Retype the listing exactly, with no images.

### Information shown ###

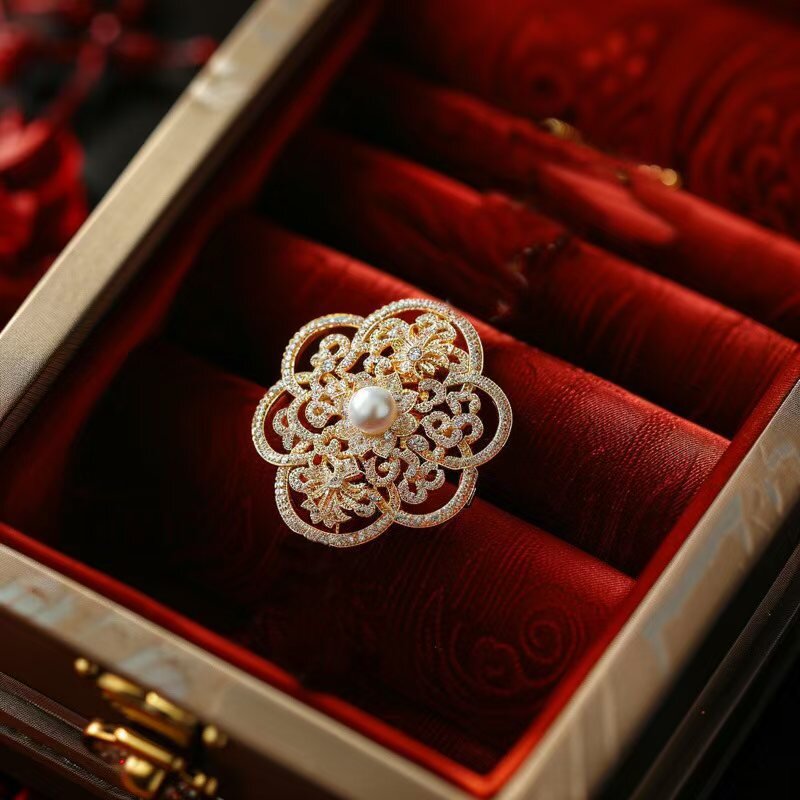 中国风喜庆中国结胸针吊坠毛衣链两用款 锆石胸花新年礼天然珍珠
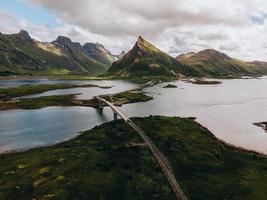 vistas de las islas lofoten en noruega foto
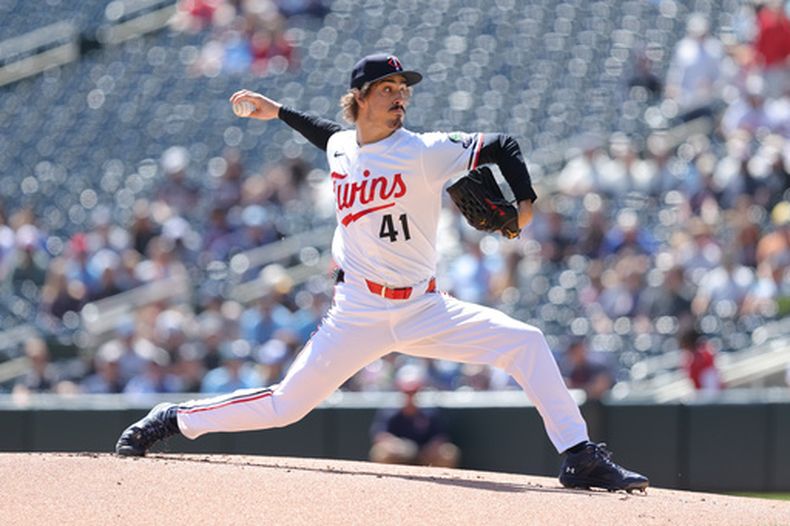 El lanzador de los Mellizos de Minnesota, Joe Ryan (41), lanza durante la primera entrada de un partido de béisbol contra los Azulejos de Toronto, el domingo 3 de mayo de 2026, en Minneapolis. (Foto AP/Bailey Hillesheim)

###

- [Task answer]:
 中国风喜庆中国结胸针吊坠毛衣链两用款 锆石胸花新年礼天然珍珠
 vistas de las islas lofoten en noruega foto
 El lanzador de los Mellizos de Minnesota, Joe Ryan (41), lanza durante la primera entrada de un partido de béisbol contra los Azulejos de Toronto, el domingo 3 de mayo de 2026, en Minneapolis. (Foto AP/Bailey Hillesheim)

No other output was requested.